When the listing below reaches the line that has "Titan Company, working", start reproducing exactly; stop after the line that has "And in the corresponding", and drop the pictures.

SOURCE DATA START

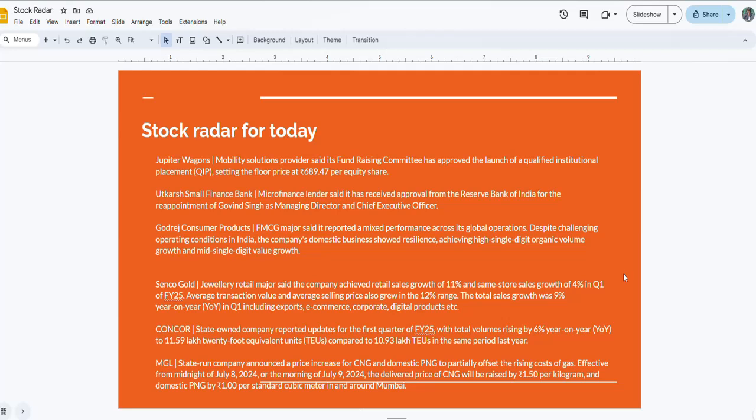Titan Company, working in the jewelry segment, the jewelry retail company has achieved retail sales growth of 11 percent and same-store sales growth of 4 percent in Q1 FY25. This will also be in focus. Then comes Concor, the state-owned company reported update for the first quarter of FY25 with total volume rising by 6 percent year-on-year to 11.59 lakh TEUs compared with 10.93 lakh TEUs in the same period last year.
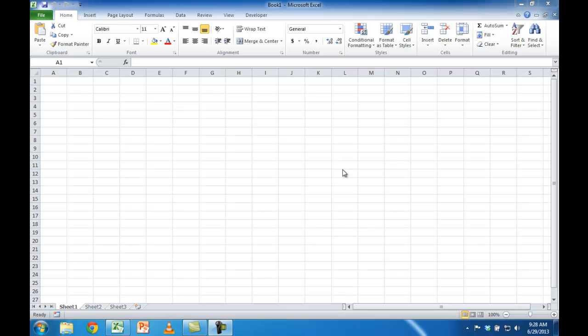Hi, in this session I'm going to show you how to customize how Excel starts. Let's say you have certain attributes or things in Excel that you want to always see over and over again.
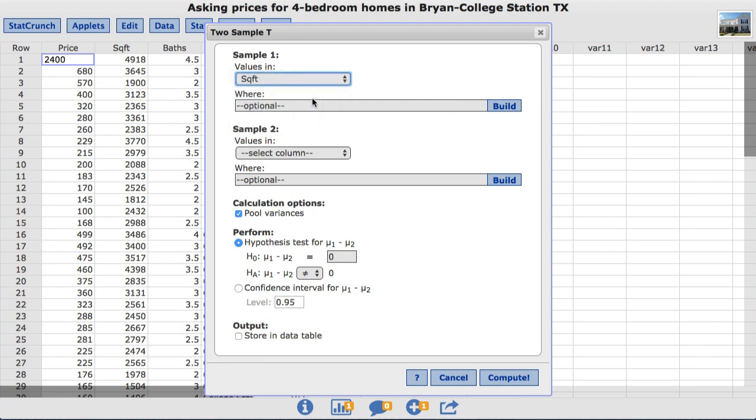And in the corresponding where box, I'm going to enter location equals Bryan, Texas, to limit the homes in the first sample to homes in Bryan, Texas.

SOURCE DATA END
SOURCE DATA START

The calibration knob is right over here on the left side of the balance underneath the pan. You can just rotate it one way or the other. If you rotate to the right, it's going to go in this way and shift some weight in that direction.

SOURCE DATA END
SOURCE DATA START

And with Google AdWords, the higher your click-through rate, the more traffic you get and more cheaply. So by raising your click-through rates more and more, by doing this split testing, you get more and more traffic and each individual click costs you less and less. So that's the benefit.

SOURCE DATA END

*EXERCISE RESULT*
Titan Company, working in the jewelry segment, the jewelry retail company has achieved retail sales growth of 11 percent and same-store sales growth of 4 percent in Q1 FY25. This will also be in focus. Then comes Concor, the state-owned company reported update for the first quarter of FY25 with total volume rising by 6 percent year-on-year to 11.59 lakh TEUs compared with 10.93 lakh TEUs in the same period last year.
Hi, in this session I'm going to show you how to customize how Excel starts. Let's say you have certain attributes or things in Excel that you want to always see over and over again.
And in the corresponding where box, I'm going to enter location equals Bryan, Texas, to limit the homes in the first sample to homes in Bryan, Texas.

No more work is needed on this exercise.